Re access issues. My man was speaking to a real estate agent the other day who actually got 'it' when he asked how steep the ramp was into this house the agent had listed. Peter nearly fell out of his wheelchair with shock…so tired if always having to explain that "It's got a ramp!" does not accessible make.🙄😥
Thanks folks I just responded to Joe Carolan on TDB as he had a good article on his workers at the Auckland sky-city fire.
Here’s my story from journey to my disability.
https://thedailyblog.co.nz/2019/10/25/fire-in-the-sky-smoke-in-the-city/#comment-479752
Good subject Joe;
My story as a Bell Canada Construction site worker during 1992.
You said it all there, so let me explain.
“The carpark I arrived into was already heavy with particles and toxins.”
In 1992 I worked in a building under construction in Toronto called the CBC ‘Canadian Broadcasting Corporation’ opposite the Toronto sky tower and sky dome.
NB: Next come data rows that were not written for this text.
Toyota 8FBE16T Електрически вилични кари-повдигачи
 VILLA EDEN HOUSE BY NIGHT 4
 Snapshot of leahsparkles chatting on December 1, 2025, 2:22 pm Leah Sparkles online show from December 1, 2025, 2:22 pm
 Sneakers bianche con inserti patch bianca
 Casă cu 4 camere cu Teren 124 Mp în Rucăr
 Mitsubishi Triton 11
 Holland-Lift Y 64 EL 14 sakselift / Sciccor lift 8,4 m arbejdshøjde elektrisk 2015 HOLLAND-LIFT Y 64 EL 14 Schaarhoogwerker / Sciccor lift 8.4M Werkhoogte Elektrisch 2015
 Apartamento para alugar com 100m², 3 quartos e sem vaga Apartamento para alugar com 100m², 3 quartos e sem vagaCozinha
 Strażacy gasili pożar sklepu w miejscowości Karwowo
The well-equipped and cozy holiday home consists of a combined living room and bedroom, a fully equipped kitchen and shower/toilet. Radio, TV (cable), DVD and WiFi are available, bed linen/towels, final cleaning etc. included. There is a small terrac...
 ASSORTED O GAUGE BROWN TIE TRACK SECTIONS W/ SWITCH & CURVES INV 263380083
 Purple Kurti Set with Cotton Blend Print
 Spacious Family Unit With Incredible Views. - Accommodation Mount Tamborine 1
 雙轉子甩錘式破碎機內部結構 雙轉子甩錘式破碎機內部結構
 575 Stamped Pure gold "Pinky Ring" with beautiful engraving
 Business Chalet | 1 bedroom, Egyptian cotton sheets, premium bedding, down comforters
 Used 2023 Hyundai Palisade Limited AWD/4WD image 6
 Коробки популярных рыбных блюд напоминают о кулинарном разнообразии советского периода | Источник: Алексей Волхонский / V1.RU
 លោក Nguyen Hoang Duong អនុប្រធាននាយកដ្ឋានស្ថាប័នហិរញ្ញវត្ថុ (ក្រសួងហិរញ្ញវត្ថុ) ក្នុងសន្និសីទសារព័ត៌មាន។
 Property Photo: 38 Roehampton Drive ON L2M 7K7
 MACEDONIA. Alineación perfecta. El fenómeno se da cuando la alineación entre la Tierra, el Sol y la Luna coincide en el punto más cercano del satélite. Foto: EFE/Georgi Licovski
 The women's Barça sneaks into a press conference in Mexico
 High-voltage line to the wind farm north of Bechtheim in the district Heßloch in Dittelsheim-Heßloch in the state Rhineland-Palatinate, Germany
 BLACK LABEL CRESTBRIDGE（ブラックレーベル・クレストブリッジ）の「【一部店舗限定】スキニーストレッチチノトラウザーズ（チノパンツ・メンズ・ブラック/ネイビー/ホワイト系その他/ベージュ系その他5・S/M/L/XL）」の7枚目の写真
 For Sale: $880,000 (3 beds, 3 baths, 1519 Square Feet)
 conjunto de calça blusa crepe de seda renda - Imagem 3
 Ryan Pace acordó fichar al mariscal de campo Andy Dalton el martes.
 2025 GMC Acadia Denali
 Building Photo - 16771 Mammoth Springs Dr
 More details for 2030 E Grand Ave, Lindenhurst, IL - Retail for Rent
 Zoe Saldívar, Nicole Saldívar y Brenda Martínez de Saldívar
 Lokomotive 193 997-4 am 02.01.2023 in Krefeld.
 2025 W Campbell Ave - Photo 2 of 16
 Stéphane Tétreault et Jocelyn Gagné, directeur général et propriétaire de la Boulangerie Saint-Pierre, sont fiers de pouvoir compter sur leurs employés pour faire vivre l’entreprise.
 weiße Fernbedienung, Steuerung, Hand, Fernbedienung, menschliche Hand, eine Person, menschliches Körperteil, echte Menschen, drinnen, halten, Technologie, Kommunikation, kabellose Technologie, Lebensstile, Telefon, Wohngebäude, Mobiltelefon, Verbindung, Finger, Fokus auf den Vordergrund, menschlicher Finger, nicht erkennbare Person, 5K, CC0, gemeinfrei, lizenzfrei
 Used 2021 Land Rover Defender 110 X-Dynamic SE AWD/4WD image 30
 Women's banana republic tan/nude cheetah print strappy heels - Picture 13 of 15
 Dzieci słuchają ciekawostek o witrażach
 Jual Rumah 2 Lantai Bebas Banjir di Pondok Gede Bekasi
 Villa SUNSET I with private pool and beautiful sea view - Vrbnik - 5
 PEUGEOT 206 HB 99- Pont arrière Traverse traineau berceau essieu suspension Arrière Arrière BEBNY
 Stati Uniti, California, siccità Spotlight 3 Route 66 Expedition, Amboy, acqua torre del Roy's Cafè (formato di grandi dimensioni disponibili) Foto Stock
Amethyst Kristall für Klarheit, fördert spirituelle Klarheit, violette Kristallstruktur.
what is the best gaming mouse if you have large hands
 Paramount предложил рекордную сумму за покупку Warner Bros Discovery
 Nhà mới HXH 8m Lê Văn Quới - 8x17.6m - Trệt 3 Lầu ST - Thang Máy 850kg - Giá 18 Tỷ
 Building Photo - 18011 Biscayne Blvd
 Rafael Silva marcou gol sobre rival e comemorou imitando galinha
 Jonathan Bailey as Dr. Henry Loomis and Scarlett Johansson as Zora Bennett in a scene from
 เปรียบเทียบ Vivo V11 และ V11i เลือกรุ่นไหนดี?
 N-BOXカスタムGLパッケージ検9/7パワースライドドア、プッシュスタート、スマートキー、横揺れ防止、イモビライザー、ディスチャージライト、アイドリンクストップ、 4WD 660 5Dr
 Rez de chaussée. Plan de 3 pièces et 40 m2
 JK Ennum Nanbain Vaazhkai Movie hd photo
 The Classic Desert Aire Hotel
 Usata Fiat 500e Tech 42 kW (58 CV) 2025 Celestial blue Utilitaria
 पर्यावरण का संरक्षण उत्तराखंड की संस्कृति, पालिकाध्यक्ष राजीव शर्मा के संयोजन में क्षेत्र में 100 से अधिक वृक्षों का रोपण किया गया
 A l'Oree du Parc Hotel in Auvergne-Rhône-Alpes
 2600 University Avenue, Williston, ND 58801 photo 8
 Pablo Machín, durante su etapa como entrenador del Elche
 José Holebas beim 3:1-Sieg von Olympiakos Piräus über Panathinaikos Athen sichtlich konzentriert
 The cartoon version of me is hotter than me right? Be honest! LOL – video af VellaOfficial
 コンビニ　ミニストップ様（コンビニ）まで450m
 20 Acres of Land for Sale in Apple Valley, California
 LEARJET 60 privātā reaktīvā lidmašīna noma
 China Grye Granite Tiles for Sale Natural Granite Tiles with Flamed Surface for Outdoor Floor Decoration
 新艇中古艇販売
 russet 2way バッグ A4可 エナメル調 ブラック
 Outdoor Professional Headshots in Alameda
For six months while working in that CBC building “(without any central air) system working yet” the Construction company “Eastern Construction” said the central air system could not be used as it was because the ‘electronics and the computers’ were not installed.
So 400 workers faced every day high levels of VOC’s from dangerous two pot epoxy’s and other paints and flooring adhesives and particulates and solvents, at least 40 workers fell sick (me included).
Since the day my whole systems crashed; including Immune/nervous system/skeletal/muscular and neurological systems had already been damaged to this very day.
Specialists found the toxins stored in my “adipose tissues” commonly known as fat tissues.
I had to pay to get a piece of fat taken from my body and sent to a Texas laboratory called “accuchem laboratories” for a GCMS analysis and they found heavy toxins deposited in my body and they found the same in air sample in the building so your workers need a GCMS analysis of their tissues.
Blood tests are not useful we found and toxicologists there said it was not accurate as the toxins leave the blood systems shortly after exposure where fat/adipose tissue storage is ‘static’ and takes far longer if ever to leave the body.
After 27yrs later I am still sick medically.
So please get those workers out now as they are now storing the toxins inside their bodies fat tissues as we speak as we all though we were safe every time we left the CBC building but the damage was already there even though we felt better out of the building the damage was never to leave us healthy again since 1992.